Pikant: Überbringer des Antrags war Intendant Michael Derda. Der trug in der Tat den Titel eines Geschäftsführers – seit 1993. Sein Rücktritt hatte zu den Senats-Auflagen für die Waldau-Rettung Anno 2000 gehört. Ein halbes Jahr später war er wieder im Amt.
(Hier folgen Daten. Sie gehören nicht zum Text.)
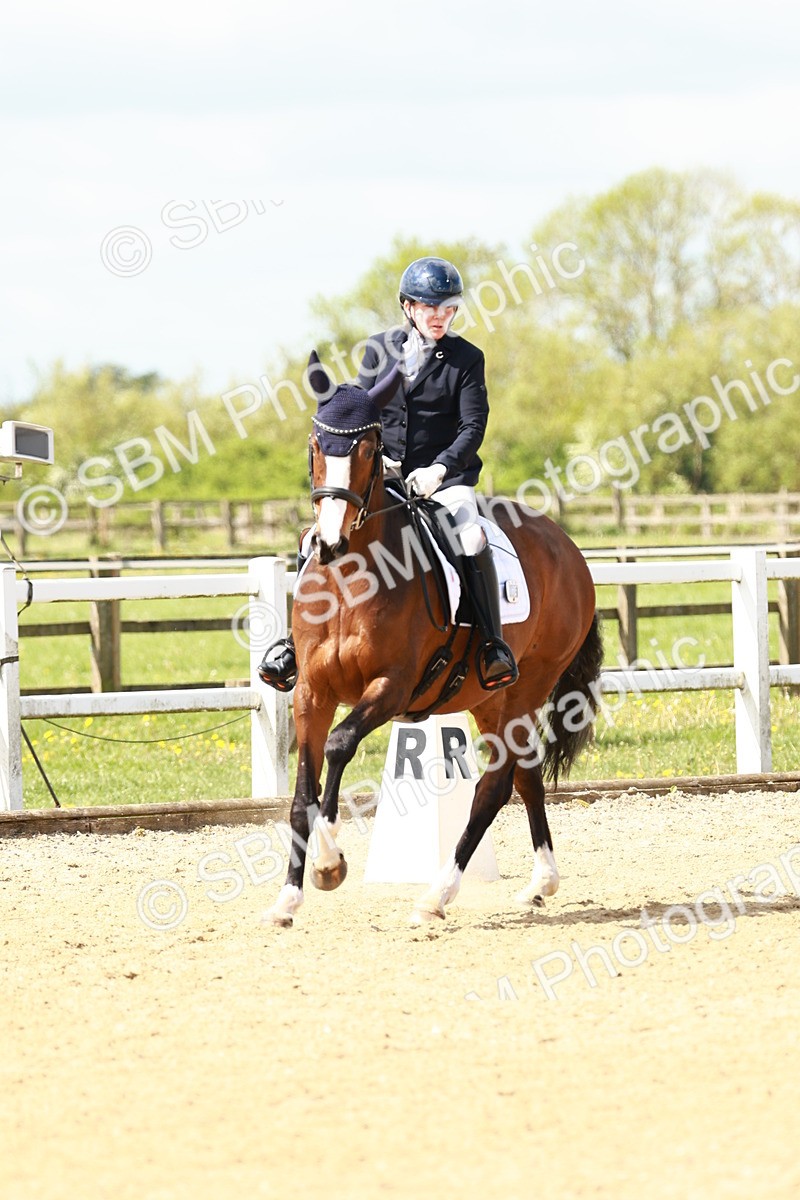 SBM_001364 - Class 8 - N5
Und, so heißt’s, mit einem erneut deutlich höheren Gehalt ausgestattet.

„Die hohen Verbindlichkeiten“ des Theaters, so Kultursenator Hartmut Perschau (CDU), „sind wesentlich verursacht durch unangemessene Bezüge der früheren Geschäftsführung.“ Hinzu komme deren „Geschäftsgebahren“. Dazu dürfte auch der selbstgenehmigte Dienstwagen des künstlerischen Leiters Derda zählen – und dass der am liebsten auf den Regisseur Derda zurückgriff, der gern den Schauspieler Derda besetzte. Klar: Dafür gibt’s Gage. Hauptverantwortlich fürs „Geschäftsgebahren“ war allerdings bis vergangenen Sommer Axel Schroeder, eingestellt vom Ex-Finanzsenator und damaligen Waldau-Aufsichtsratsvorsitzenden Ulrich Nölle (CDU) – auf Empfehlung der Kulturmanagement Bremen (kmb), wie Annette Ruppelt sagt. Empfehlung sei ihm „zu hoch gegriffen“, so kmb-Chef Volker Heller. Dass die behördlichen Controler den Namen ins Spiel gebracht haben, dementiert er jedoch nicht. Schroeder habe „als unbescholtener Kaufmann gegolten“. Die Vergangenheitsform ist bewusst gewählt: Mittlerweile wird ihm vorgeworfen, er habe im großen Stile Beraterverträge abgeschlossen – mit dem unbescholtenen Kaufmann Axel Schroeder.

Nölle ist entmachtet, Schroeder gefeuert, und die Antragsübergabe dürfte auch Derdas letzte Amtshandlung gewesen sein – die schmerzhafte Operation beendet die schädliche Schröpfkur. Bleibt das Problem der Immobilie: Die Größe von 508 Plätzen – zum Vergleich: das Schauspielhaus hat 332 – bedeutet ein erhebliches Risiko für Investoren.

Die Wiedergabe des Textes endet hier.